« Je puis et je ne balance pas à vous dénoncer un abus qui s’accroît journellement au détriment de la communauté et du commerce de la librairie ; je parle de la nuée de ces gens sans connaissances, sans titres et sans aveu, qui s’y immiscent avec une publicité qui n’a point d’exemple. »
Cette phrase évoque directement au lecteur contemporain averti du commerce des livres les marchands sans âmes au premier rang desquels Amazon.
Pourtant, il s’agit de Diderot (Lettre historique et politique adressée à un magistrat sur le commerce de la librairie, 1767), et il parle là des colporteurs. Le texte paraît alors comme bien trop critique, presque ridicule. Nous reconnaissons aujourd’hui la qualité (certes populaire) de ce qu’on appelle généralement la bibliothèque bleue.
Ce rapport populaire au livre déplaisait semble-t-il aux hommes de lettres.
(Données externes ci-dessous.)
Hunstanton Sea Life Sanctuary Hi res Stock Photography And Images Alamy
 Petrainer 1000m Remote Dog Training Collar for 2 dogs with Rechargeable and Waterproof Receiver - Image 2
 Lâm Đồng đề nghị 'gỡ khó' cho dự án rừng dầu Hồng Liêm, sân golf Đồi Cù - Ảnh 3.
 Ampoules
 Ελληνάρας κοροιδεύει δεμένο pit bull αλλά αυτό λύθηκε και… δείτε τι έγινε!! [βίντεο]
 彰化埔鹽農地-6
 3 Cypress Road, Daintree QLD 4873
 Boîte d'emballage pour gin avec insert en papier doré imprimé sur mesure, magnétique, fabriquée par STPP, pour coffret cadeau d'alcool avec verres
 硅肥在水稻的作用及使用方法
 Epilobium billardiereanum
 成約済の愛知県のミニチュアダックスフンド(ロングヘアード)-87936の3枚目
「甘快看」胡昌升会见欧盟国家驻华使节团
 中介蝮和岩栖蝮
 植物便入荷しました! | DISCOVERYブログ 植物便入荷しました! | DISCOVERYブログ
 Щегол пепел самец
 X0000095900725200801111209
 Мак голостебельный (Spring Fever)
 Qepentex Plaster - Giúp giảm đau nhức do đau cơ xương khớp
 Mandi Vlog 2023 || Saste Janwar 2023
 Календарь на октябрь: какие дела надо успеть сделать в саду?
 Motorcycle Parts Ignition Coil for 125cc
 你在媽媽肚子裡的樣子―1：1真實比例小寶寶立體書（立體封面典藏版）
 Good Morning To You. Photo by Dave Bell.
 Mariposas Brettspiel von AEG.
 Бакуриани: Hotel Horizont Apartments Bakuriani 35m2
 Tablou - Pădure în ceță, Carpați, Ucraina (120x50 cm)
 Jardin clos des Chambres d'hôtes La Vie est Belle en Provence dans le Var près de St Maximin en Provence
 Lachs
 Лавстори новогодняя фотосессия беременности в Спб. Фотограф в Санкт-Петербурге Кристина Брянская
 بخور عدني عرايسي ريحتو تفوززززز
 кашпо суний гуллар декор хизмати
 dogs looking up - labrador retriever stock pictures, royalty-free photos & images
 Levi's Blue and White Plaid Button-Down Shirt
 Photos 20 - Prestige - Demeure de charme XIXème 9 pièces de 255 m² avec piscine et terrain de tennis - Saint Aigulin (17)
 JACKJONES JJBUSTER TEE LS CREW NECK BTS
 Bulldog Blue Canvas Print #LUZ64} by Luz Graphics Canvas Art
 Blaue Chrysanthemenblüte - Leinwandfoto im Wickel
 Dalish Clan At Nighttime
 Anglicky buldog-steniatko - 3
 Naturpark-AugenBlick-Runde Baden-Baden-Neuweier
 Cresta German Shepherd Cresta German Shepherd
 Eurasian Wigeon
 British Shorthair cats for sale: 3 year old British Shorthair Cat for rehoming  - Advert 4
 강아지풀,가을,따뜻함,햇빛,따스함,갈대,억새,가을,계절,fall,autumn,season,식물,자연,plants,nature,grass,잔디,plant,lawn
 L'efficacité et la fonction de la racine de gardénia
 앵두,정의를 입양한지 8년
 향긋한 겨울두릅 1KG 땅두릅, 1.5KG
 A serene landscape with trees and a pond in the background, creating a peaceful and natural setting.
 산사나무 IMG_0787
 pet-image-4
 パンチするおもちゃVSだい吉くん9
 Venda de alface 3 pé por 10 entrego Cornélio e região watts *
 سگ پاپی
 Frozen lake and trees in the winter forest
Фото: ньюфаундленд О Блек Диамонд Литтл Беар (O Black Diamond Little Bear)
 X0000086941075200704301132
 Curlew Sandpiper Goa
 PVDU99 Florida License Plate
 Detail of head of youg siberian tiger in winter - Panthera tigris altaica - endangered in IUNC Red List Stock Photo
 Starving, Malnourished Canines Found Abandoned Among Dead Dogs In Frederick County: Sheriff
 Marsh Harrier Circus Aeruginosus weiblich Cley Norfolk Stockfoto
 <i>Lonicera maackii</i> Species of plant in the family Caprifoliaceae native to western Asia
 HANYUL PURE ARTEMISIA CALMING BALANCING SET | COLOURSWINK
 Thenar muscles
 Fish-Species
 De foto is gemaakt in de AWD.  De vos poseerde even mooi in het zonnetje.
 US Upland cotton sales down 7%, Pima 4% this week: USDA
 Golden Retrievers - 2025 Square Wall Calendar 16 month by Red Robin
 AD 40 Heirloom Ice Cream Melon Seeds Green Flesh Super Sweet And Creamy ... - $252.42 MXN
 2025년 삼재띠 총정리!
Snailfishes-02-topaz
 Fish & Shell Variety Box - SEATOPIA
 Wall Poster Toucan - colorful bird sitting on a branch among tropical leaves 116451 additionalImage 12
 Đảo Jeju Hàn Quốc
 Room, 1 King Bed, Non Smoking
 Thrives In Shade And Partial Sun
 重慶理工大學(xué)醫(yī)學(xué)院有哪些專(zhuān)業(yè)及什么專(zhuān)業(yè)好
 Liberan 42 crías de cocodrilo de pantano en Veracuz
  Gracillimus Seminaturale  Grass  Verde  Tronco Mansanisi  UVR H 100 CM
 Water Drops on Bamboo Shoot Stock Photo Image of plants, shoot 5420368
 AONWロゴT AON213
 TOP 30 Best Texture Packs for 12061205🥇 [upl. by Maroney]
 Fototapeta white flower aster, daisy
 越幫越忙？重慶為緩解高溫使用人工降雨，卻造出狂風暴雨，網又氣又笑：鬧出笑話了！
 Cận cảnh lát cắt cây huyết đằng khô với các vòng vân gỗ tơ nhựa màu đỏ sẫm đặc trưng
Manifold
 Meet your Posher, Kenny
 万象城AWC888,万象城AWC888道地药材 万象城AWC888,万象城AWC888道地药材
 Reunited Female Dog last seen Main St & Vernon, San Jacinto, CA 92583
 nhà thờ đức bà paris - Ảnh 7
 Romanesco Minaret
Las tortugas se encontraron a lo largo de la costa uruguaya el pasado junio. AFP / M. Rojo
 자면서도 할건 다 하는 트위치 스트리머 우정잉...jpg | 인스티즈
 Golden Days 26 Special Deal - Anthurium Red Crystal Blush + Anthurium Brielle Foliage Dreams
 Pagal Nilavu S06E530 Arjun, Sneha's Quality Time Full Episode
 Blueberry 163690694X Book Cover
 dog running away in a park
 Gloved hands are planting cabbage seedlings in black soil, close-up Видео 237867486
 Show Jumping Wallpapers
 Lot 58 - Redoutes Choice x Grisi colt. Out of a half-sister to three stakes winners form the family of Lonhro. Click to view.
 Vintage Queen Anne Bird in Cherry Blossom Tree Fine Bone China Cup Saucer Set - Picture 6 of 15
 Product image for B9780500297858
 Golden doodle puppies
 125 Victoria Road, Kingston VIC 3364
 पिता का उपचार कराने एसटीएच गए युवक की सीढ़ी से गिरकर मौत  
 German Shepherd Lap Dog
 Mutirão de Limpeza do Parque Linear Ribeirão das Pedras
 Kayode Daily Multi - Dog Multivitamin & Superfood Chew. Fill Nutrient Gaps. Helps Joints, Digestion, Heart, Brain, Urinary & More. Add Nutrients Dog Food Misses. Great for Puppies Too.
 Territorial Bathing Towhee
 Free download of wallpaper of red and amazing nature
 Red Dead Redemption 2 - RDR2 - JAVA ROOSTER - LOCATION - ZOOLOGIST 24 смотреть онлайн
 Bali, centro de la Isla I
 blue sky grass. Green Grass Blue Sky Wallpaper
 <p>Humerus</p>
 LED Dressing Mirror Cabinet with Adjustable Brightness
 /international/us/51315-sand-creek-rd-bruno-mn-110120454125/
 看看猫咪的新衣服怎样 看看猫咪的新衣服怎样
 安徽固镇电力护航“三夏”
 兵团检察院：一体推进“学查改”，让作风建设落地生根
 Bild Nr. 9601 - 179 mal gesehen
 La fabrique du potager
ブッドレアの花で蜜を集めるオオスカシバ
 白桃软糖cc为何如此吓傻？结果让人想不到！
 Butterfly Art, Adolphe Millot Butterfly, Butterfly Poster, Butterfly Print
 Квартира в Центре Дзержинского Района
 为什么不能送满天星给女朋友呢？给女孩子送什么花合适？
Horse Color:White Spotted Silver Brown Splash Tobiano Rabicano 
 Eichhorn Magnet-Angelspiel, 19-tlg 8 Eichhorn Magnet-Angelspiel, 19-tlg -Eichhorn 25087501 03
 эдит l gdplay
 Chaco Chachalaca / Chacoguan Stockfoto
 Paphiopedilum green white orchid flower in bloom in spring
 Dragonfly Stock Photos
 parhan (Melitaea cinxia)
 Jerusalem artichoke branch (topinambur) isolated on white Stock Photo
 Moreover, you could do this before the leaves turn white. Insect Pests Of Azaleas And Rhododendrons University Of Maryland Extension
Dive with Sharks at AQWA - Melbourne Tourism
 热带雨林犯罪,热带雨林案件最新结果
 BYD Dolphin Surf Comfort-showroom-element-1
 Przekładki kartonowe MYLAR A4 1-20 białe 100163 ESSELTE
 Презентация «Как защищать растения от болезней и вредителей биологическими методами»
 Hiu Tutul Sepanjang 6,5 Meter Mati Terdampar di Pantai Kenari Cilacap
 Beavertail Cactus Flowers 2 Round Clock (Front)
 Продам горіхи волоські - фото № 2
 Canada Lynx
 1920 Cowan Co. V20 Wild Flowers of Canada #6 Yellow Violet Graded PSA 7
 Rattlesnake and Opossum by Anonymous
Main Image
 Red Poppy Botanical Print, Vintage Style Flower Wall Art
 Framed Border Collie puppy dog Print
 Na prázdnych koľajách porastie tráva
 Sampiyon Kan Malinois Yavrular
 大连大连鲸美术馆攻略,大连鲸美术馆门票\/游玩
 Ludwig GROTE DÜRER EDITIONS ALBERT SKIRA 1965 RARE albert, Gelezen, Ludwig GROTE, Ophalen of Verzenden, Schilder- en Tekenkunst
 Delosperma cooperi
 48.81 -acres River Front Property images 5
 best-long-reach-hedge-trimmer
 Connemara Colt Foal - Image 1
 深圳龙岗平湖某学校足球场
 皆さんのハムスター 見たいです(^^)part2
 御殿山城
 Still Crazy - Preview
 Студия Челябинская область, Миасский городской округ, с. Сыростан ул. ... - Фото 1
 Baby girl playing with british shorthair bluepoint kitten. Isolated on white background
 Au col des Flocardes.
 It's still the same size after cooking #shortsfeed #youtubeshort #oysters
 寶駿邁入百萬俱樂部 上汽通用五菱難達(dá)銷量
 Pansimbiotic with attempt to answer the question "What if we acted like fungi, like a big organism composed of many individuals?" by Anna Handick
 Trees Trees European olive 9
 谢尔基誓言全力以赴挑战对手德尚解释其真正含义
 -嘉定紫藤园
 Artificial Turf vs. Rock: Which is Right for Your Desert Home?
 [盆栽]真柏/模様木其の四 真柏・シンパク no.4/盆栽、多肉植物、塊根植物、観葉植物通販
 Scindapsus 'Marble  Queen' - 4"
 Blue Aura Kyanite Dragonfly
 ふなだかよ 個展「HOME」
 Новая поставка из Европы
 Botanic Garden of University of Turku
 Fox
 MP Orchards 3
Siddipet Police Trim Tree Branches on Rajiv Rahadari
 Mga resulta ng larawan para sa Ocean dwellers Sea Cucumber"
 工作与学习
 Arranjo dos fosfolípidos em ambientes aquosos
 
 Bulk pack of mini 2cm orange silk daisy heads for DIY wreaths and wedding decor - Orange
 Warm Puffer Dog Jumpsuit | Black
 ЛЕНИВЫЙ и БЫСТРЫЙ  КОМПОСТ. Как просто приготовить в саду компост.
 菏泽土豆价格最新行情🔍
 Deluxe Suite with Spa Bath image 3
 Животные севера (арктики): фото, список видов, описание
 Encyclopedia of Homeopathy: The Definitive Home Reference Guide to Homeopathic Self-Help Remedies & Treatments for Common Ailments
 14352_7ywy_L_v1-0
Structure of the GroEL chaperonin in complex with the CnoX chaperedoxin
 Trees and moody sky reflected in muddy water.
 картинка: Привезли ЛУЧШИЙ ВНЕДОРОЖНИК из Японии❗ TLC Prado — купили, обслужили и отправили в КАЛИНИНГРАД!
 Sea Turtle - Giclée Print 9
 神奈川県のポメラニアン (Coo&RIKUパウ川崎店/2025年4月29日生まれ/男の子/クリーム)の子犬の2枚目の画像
Ne serions-nous pas en train d’agir de même envers Amazon, libraire numéro 1 des listes de livres scolaires par exemple ? J’avoue ne pas penser ce que j’écris, que le raisonnement ne tient pas en ce que les colporteurs, bien que corporatistes, n’étaient pas mus par l’ambition monopolistique avec les même moyens et la même faible concurrence. Pourtant, la différence tient peut-être davantage en ce qu’Amazon ne retient pas que le public populaire, mais qu’il a aussi les moyens de proposer à tous ce qu’ils souhaitent, ce que mon libraire du « quartier de l’université » ne peut pas.
Le colporteur est le vendeur vulgaire (mais aussi celui qui permet d’éviter, dans certains cas, la clandestinité), mais il y a aujourd’hui bien plus de place pour le vendeur et les autres autour, ceux qui le souhaitent. Ceux qui le souhaitent, et je dis cela sans libéralisme idéologique, prendre place avec la vente et autour de la vente.
Sujet largement débattu, certes, mais qui oublie souvent que la peur pour le livre n’est pas récente, et la peur pour les hommes de lettres non plus.
Et puis n’oublions pas que finalement les libraires ont eu raison des colporteurs.